Any ideas why I am hearing popping sounds in the house? They seem to be coming from outside during different times of the day. Hearing them for years but no problems have shown up. Also, my floors have started to snap, crackle pop throughout the house. Could the 2 be related? Any ideas. Really quite baffled.


----------



## HandyMac (Nov 19, 2005)

Where are you located?
How old is the house?
What kind of construction/siding?
Any idea of what the subfloor material is?

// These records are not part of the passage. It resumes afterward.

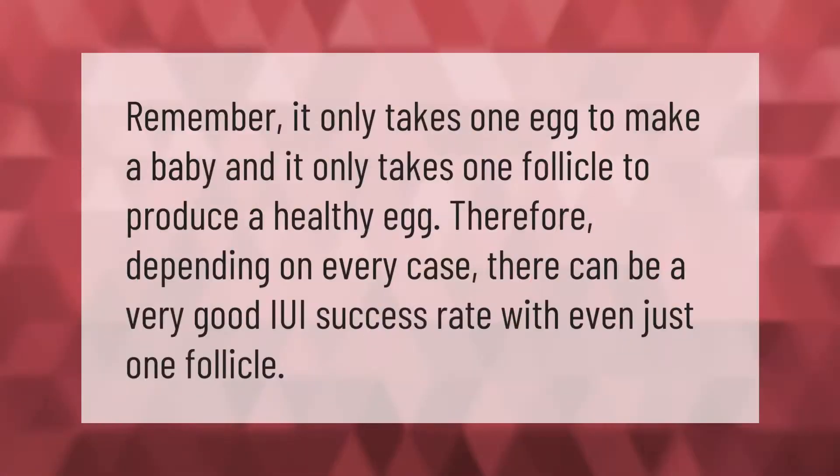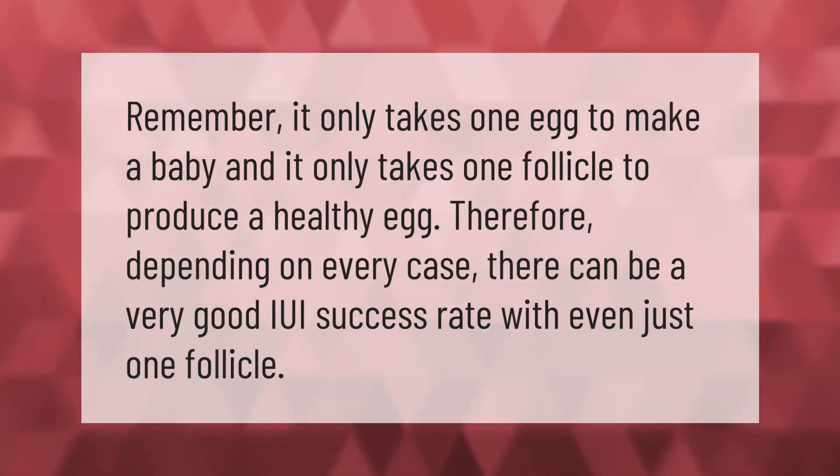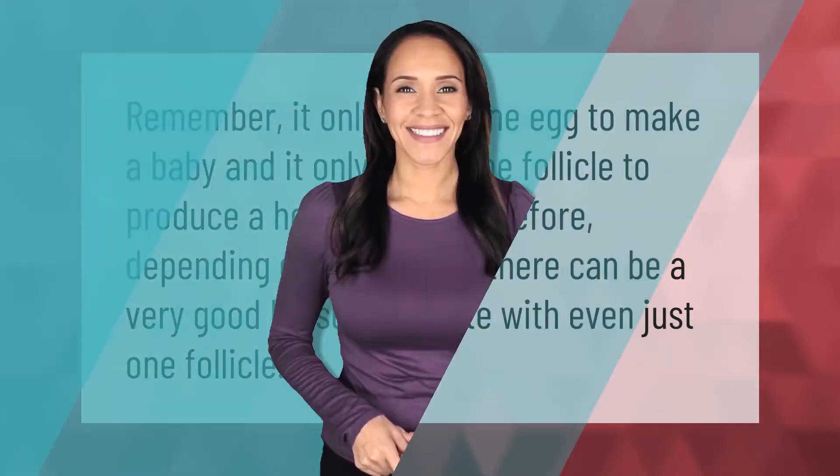Remember, it only takes one egg to make a baby, and it only takes one follicle to produce a healthy egg. Therefore, depending on every case, there can be a very good IUI success rate with even just one follicle. Thank you for watching — please subscribe and hit the bell notification.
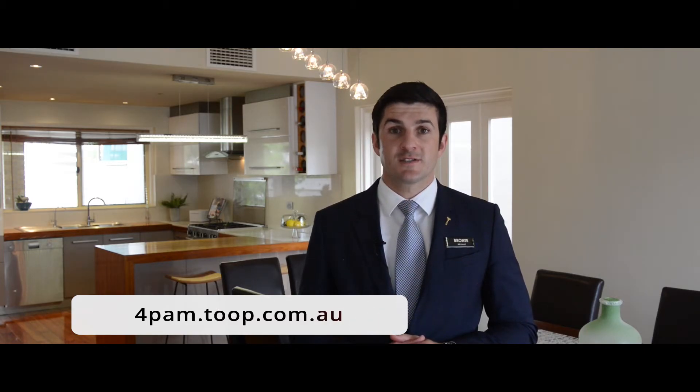For more information you can visit the property direct at 4pam.tooke.com.au or give me a call and I'd love to show you through the property soon.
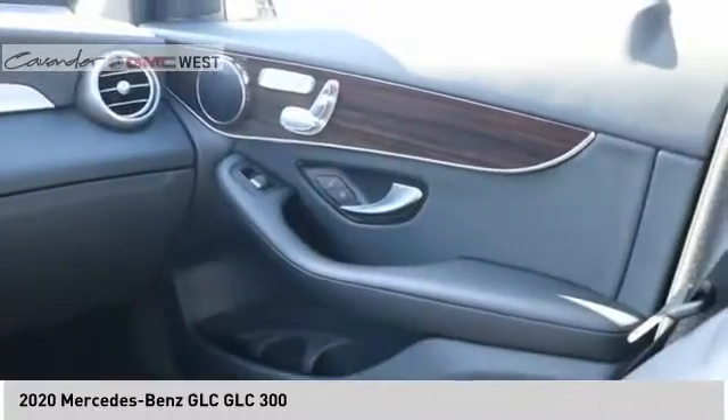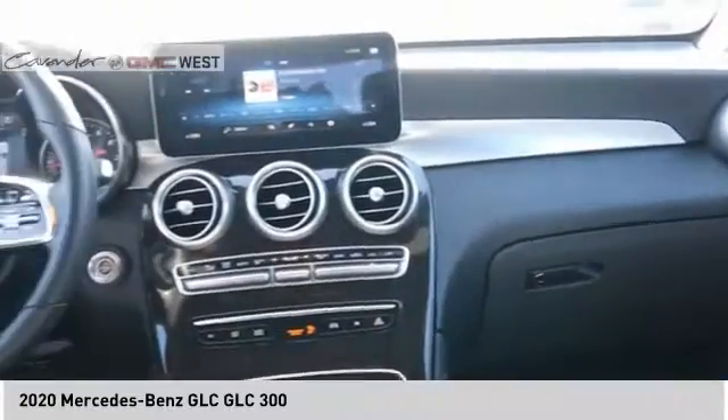If you like it online, you'll love it in your driveway. Take it for a spin today.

Sounds as if there are some construction issues, but so many variables without more precise info.


----------



## TxBuilder (Jan 13, 2006)

Sounds like the house is probably just settling. Would have to know more information listed by Handy to get a better idea of what.


----------



## Square Eye (Jan 13, 2006)

Popping sounds around the outside walls can sometimes be a side effect of modern truss construction. The pre-load on a truss can set up a situation for transferring loads with such things as temperature changes and humidity. If the popping seems to be coming from the outside, that's where I'd start looking for the cause. If the popping seems to be coming from the floor, especially from the outside walls, You might check the piers and their relationship to the girder beams. Steel shims sometimes work their way out, and sometimes, get crushed into the bottom of the girder. The result is settling of the walls inside, doors that won't shut, floors out of level and strange behavior where the joists meet the outer band joist. 

One more thing, Sorry, I get excited sometimes, Check your bath exhaust fans. They move so much moisture into the attic when they're not vented properly. 

Tom in KY, former superintendent for a company riddled with warranty issues.


----------



## inspectorD (Feb 20, 2006)

This sounds like you have a metal roof. The like to expand and contract in the evening mostly. I have seen them actually pop the nails out in some areas when the attic temperatures get really hot and the roof is a dark color, like most painted types.

The floor is due to being to dry in the winter when the heat removes any moisture from the wood. You could put some moisture in the air .. but dont overdo it or you end up with bigger problems, Health wise!!
You dont say your region/location or house siding/roofing type, so feedback is limited.

You don't happen to live on a firing range?????  

InspectorD


----------